→ Captioned web image data:
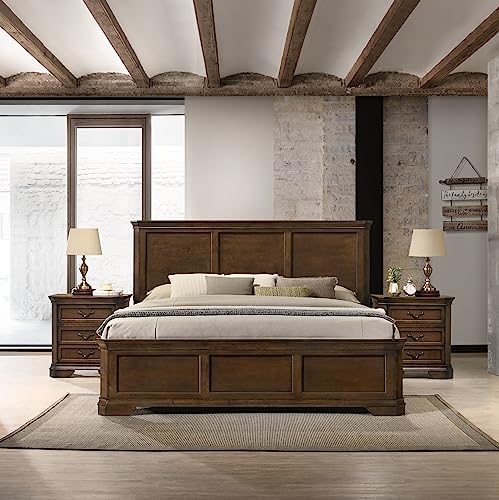 Roundhill Furniture Maderne 3-teiliges Schlafzimmer-Set mit Queen-Size-Bett und zwei Nachttischen, antikes Walnussholz-Finish von Roundhill Furniture
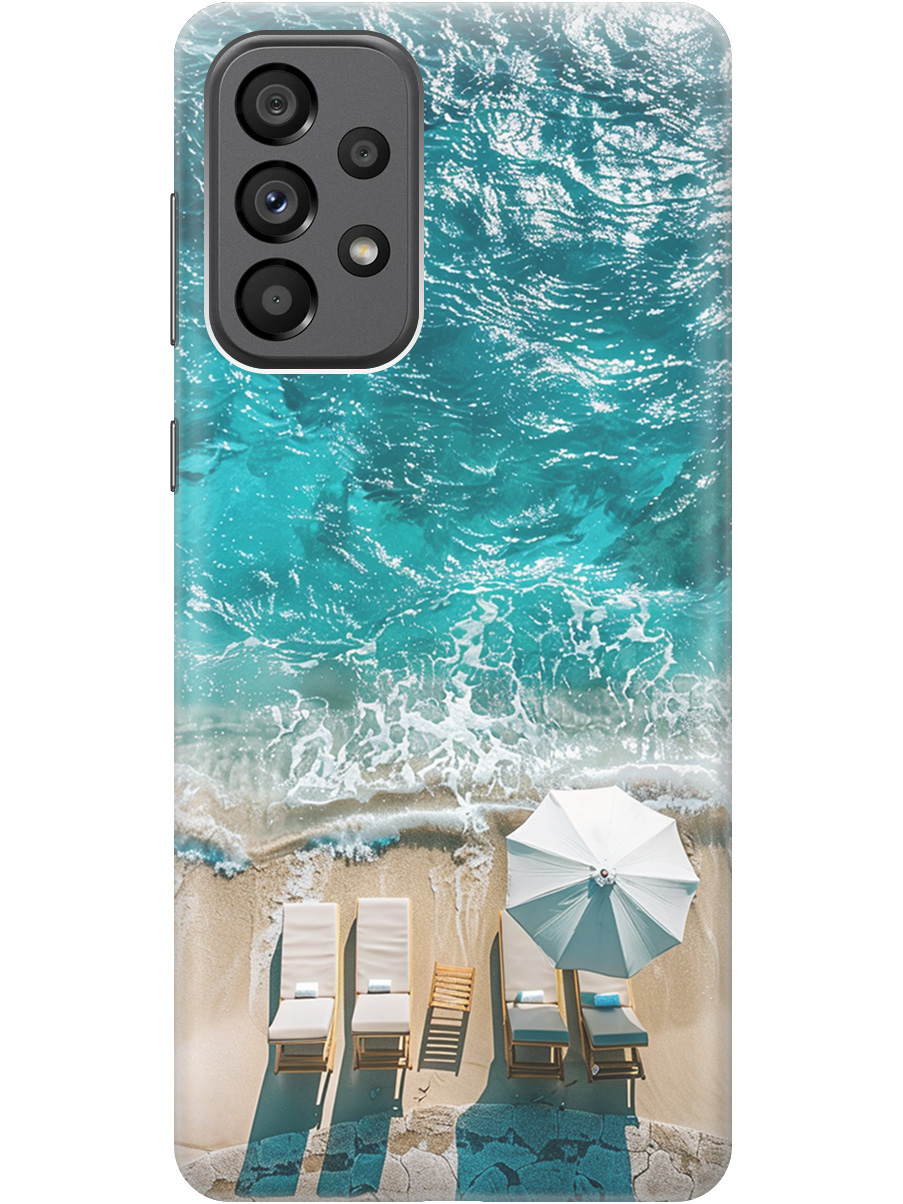 

Силиконовый чехол на Samsung Galaxy A73 5G с принтом "Лазурное море", Прозрачный;голубой;бежевый, 740133141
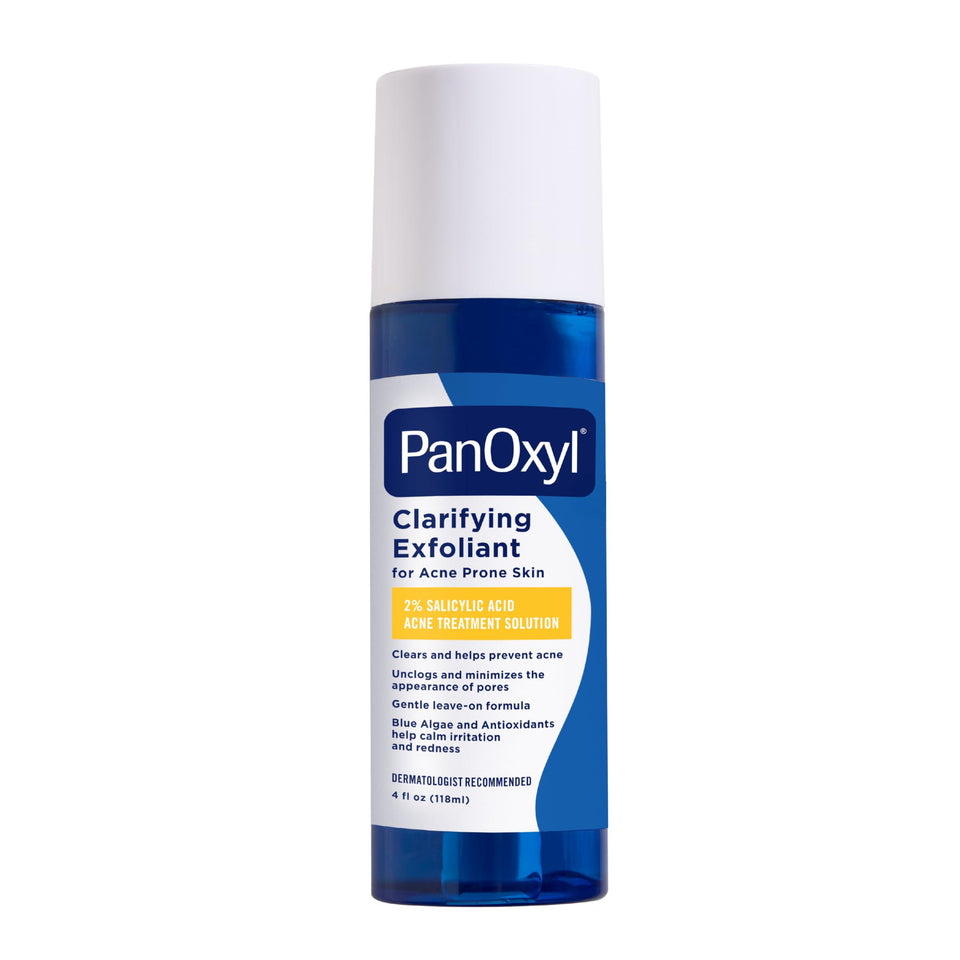 PanOxyl front label showing product name and 2% salicylic acid benefit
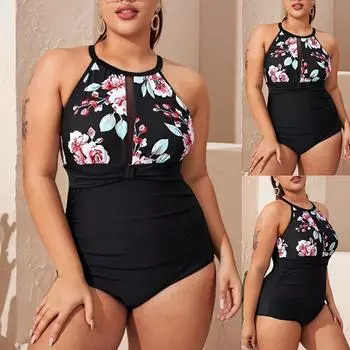 Женский сексуальный повседневный модный цельный купальник с круглым вырезом и принтом XXXXL чёрный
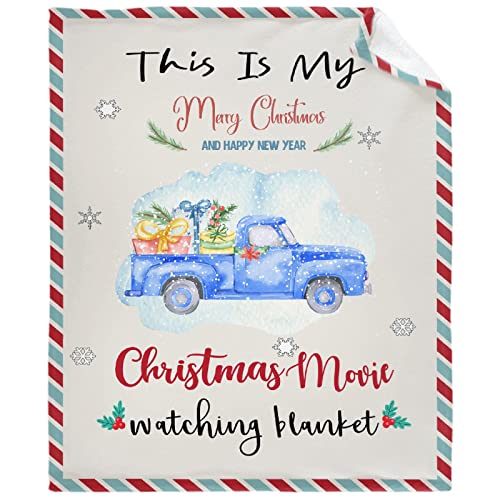 This Is My Christmas Watching Movie Throw Blanket, Happy New Year 2022 Gift for Son Daughter, Lightweight Winter Holiday Xmas Flannel Micro Blanket for Bed Sofa Couch Home 60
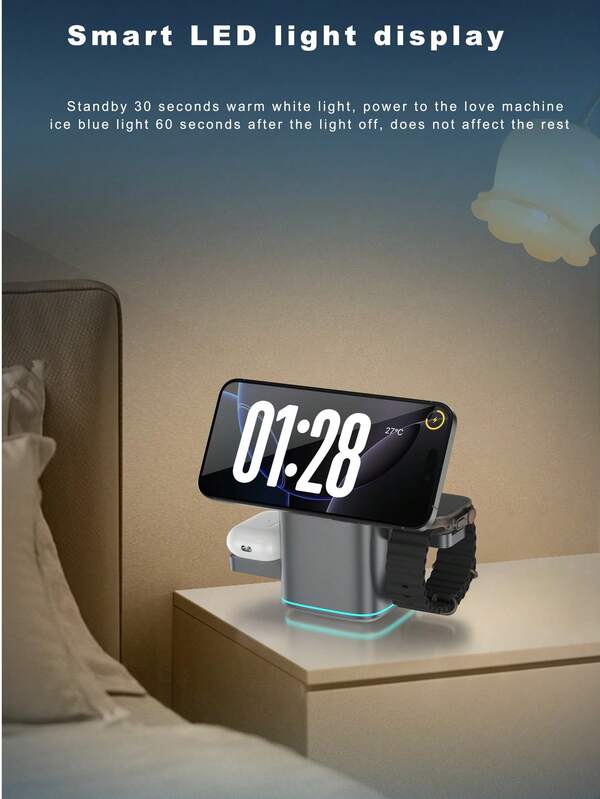 Cargador inalámbrico 3 en 1, estación de carga inalámbrica plegable con rotación de 180°, cargador inalámbrico portátil para iPhone, y uso portátil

→ Requirement:
Could you transcribe exactly the lines from the line containing "Женский сексуальный повседневный" through the final line of the records, both included, and nothing beyond them? The pictures should be left out.

→ Task response:
 Женский сексуальный повседневный модный цельный купальник с круглым вырезом и принтом XXXXL чёрный
 This Is My Christmas Watching Movie Throw Blanket, Happy New Year 2022 Gift for Son Daughter, Lightweight Winter Holiday Xmas Flannel Micro Blanket for Bed Sofa Couch Home 60
 Cargador inalámbrico 3 en 1, estación de carga inalámbrica plegable con rotación de 180°, cargador inalámbrico portátil para iPhone, y uso portátil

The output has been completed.